### What you have to do
In the material below, the required lines run from the one containing "social-awareness-powerful-animal-ads-64" through the one containing "The Books of Magic #2 (Bindings II)". Copy those lines exactly, ends included, and nothing else.

### Exercise material

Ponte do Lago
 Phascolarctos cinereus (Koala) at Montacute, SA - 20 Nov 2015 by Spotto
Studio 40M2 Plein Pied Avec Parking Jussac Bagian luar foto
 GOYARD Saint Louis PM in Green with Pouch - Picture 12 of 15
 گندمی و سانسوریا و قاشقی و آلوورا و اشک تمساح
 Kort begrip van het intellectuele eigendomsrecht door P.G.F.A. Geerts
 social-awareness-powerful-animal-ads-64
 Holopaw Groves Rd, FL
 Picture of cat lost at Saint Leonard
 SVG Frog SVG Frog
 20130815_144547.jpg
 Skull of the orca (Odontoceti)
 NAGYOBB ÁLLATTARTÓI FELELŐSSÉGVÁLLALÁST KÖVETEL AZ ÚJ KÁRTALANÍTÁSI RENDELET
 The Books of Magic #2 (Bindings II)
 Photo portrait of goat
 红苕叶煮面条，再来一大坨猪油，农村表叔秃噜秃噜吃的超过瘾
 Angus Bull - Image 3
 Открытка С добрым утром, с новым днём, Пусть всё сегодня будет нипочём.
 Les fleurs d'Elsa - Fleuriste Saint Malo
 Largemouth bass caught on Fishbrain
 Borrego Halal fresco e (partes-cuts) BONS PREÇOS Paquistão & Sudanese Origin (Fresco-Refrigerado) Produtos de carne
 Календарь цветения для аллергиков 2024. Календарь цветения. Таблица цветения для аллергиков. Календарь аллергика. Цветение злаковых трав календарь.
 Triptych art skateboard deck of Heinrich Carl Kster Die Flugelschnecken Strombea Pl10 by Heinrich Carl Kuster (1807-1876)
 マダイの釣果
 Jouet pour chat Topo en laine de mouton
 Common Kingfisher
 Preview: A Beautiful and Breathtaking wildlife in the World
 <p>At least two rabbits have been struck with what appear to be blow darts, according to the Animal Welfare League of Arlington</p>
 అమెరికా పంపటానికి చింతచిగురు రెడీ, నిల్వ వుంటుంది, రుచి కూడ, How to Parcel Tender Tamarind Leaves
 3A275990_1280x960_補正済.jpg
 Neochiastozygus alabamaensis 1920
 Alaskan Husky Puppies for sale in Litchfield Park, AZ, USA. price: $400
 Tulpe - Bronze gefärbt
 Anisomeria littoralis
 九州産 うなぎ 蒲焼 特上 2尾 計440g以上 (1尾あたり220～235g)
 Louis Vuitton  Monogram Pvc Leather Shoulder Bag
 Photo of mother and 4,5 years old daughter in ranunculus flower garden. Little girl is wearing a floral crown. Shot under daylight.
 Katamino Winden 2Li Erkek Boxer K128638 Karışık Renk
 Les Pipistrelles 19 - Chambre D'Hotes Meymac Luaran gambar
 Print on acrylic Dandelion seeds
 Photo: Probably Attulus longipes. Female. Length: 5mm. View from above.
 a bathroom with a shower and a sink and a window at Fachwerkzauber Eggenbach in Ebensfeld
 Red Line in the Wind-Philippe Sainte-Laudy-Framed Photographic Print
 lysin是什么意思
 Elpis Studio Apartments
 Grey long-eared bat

### Written response
 social-awareness-powerful-animal-ads-64
 Holopaw Groves Rd, FL
 Picture of cat lost at Saint Leonard
 SVG Frog SVG Frog
 20130815_144547.jpg
 Skull of the orca (Odontoceti)
 NAGYOBB ÁLLATTARTÓI FELELŐSSÉGVÁLLALÁST KÖVETEL AZ ÚJ KÁRTALANÍTÁSI RENDELET
 The Books of Magic #2 (Bindings II)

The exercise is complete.